How Fast Your Car Needs to Be to Outrun a Cop - SQL2219
http://www.caranddriver.com/features/how-fast-does-your-car-need-to-be-to-outrun-a-cop-feature
======
Multicomp
Where I live, our community's patrol cars are late model Dodge Chargers or
Ford Tauruses with souped up police packages that can go blistering speeds -
but the local laws say they can't go above 95MPH even in a car chase for
safety reasons. Luckily they usually just PIT those cars before they get too
far away.

It's not even really about outrunning the cop - its about getting out of the
'car chase' situation smoothly.

You have several options to do so:

\-- Get far enough away/have enough leading of the cops to lose the car and be
calmly walking away or better on a bus moving away by the time they arrive so
they can't find you (note that this assumes they don't know who you are)
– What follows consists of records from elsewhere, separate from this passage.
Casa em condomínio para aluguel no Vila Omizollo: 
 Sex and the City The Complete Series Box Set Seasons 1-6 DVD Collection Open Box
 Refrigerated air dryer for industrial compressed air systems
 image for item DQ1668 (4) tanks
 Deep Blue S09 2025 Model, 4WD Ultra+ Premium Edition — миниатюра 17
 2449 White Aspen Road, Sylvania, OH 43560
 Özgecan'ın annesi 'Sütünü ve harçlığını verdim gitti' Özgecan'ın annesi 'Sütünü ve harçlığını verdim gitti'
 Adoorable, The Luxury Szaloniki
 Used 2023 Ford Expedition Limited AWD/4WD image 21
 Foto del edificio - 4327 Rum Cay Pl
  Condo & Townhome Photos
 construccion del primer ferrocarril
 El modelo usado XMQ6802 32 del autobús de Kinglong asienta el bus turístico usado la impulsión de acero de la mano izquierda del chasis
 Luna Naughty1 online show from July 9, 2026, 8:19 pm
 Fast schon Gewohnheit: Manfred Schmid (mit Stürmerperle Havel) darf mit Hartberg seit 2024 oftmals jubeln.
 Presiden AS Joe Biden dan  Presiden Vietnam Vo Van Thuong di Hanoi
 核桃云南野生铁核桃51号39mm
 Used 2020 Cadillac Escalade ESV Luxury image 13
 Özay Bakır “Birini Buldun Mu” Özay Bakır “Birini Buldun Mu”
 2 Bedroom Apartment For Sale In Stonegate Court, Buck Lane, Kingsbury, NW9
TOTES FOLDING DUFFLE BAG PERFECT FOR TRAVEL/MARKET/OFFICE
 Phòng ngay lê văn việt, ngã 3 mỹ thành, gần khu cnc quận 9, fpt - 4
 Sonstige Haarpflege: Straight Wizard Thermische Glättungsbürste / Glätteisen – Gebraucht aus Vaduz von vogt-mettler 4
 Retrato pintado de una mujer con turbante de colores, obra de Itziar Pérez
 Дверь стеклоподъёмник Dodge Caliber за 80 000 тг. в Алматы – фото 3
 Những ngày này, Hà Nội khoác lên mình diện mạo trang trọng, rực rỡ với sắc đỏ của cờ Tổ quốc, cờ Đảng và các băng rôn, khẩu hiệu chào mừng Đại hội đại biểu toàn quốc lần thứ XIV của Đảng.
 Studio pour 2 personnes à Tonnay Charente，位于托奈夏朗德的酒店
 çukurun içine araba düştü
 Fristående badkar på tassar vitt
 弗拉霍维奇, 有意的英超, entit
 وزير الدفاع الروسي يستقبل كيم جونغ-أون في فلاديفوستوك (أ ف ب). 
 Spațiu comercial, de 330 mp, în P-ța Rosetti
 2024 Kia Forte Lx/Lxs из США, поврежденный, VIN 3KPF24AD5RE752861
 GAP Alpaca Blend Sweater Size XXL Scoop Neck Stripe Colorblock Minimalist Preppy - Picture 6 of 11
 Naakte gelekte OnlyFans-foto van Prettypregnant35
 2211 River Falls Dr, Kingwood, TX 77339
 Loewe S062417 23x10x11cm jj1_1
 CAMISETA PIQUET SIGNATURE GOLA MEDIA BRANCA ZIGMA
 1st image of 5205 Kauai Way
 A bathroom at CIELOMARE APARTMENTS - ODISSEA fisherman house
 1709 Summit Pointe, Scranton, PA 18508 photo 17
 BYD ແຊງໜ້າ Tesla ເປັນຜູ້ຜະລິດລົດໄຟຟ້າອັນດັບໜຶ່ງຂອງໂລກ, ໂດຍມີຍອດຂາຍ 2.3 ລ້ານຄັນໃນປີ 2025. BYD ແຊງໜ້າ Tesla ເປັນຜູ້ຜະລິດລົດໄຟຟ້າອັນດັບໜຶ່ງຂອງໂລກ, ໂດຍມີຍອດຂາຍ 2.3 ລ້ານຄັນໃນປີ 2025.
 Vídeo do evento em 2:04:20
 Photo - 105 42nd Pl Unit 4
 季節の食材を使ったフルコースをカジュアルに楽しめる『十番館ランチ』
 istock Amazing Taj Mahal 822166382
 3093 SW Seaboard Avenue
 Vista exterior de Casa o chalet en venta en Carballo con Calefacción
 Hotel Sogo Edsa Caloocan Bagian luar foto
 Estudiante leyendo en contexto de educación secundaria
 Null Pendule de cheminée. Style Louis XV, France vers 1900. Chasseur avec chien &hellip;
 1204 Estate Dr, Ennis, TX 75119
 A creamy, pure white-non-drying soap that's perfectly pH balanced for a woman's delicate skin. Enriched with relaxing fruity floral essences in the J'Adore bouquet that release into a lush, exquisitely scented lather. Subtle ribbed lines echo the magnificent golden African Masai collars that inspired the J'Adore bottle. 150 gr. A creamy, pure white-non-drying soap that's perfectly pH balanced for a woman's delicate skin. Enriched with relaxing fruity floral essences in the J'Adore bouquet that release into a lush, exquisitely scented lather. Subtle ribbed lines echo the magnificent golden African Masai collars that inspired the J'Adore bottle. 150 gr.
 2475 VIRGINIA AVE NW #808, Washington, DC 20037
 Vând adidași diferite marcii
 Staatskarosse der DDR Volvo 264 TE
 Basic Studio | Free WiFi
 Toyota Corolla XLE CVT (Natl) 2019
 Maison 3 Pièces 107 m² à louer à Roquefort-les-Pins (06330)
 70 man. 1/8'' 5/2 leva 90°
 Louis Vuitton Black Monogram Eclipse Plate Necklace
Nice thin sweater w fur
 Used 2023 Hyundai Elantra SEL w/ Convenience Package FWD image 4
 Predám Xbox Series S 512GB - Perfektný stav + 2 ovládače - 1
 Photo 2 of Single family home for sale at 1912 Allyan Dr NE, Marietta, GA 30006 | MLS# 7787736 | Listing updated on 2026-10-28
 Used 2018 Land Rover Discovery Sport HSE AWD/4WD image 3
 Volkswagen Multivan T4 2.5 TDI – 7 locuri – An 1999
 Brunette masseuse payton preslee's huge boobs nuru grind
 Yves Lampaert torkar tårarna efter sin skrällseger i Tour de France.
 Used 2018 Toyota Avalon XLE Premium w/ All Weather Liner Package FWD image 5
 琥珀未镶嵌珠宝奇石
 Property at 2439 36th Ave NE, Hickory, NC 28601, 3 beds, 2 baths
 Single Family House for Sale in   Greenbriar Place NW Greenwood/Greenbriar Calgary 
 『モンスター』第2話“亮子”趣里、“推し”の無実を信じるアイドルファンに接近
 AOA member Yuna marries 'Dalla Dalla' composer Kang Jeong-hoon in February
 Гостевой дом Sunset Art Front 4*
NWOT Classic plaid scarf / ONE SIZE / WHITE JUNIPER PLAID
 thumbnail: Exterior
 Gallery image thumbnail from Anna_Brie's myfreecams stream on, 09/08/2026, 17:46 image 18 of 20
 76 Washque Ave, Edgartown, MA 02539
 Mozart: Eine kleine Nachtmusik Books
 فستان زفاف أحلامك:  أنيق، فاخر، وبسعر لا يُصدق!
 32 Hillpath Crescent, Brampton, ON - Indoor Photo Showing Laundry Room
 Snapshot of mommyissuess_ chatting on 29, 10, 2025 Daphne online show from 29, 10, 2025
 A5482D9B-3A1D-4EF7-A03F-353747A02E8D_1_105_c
\-- Drive right out of their jurisdiction and be sure that whoever's
jurisdiction you are driving into either doesn't care or doesn't know about it

\-- Exit the country (similar to #2) and don't return to the country you were
speeding in

No matter what though whoever is chasing you is not just going to say 'oh well
they got away, might as well not even file a report' \- you will never be able
to 'undo' that chase without dealing with the law.

------
mtmail
Question isn't answered in the article unless you count "a lot faster".